Strong machine learning models are the key to scalable performance. Target built models on product title, category, type, and description — as it happens, the key search attributes that you’ll need when querying Solr.

Neural networks use models to identify different search intents and attributes.

It’s a challenge for applications to accurately and fully understand what users want. What, for example, does “c9 running shoes for boys” mean? This is a classification problem: C9 Champion is determined to be the brand, male is determined to be the gender. Retailers can develop a classification framework that, for each product attribute, can accurately generate a model to classify any query.

To classify the query, Target:

  • Gathers abundant training data from user search queries and user behavior, and from product attributes
  • Trains machine-learned models for each attribute with prepared lists of query/attribute value pairs, for example: shoes/athletic shoes, shoes/sneakers
  • Outputs a list of attribute values that are predicted to be related to the original request, with probabilities for each value

Evaluation

After sophisticated neural-model training, Target arrived at these evaluation metrics:

  • Precision: the number of correct predicted attribute values divided by the total number of predictions for a trial query from the classifier. The higher the precision, the more accurate the predictions are.
  • Recall: the number of correct predicted attribute values divided by the total number of attribute values there are for that query in the test set. The higher the recall, the more coverage of those attribute values in the test set.
  • Top-N accuracy: For a query, if any of the top N predictions is relevant, then it scores a 1, otherwise 0.

Target controls recall and precision through a combination of:

  • Category/attribute classification to relate items within a set,
  • Filtering for specificity within a set
  • Customized elevation to promote the most popular items, and
  • Precision components to filter out product SKUs based upon a threshold.

The relationship between precision and recall is inverse: Higher precision means lower recall. So retailers can determine the ideal balance between both, as well as ideal accuracy, measured in the proportion of times that at least one correct attribute value is in the top five predictions.

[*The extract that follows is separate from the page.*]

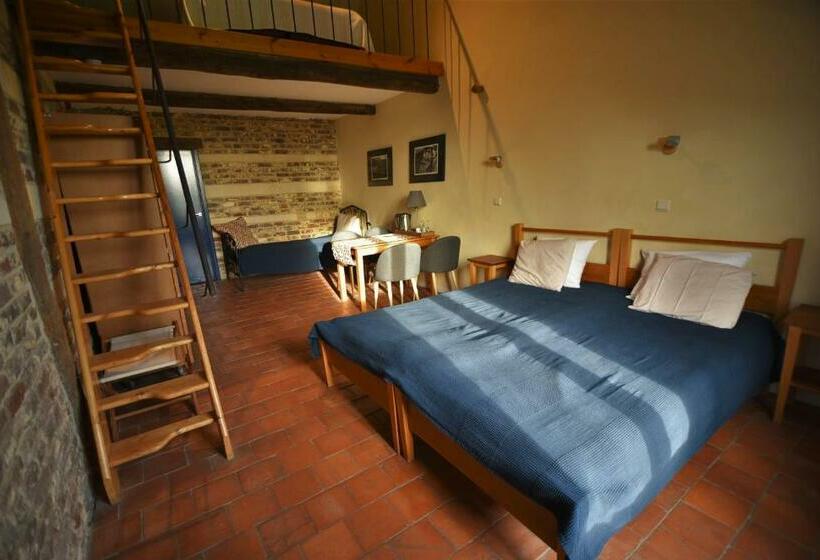 标准三人间, De Zwarte Stok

For Target, classifiers can achieve precision and recall above 90 percent, and accuracy of top 5 predictions above 96 percent. With proper classification pipeline, a new model can be automatically generated on any attribute within 18 hours. Retraining happens daily.

By using state-of-the-art neural network techniques, in conjunction with customized Solr components, Target has improved its search relevancy by more than 20 percent — increasing sales and decreasing user time and cost.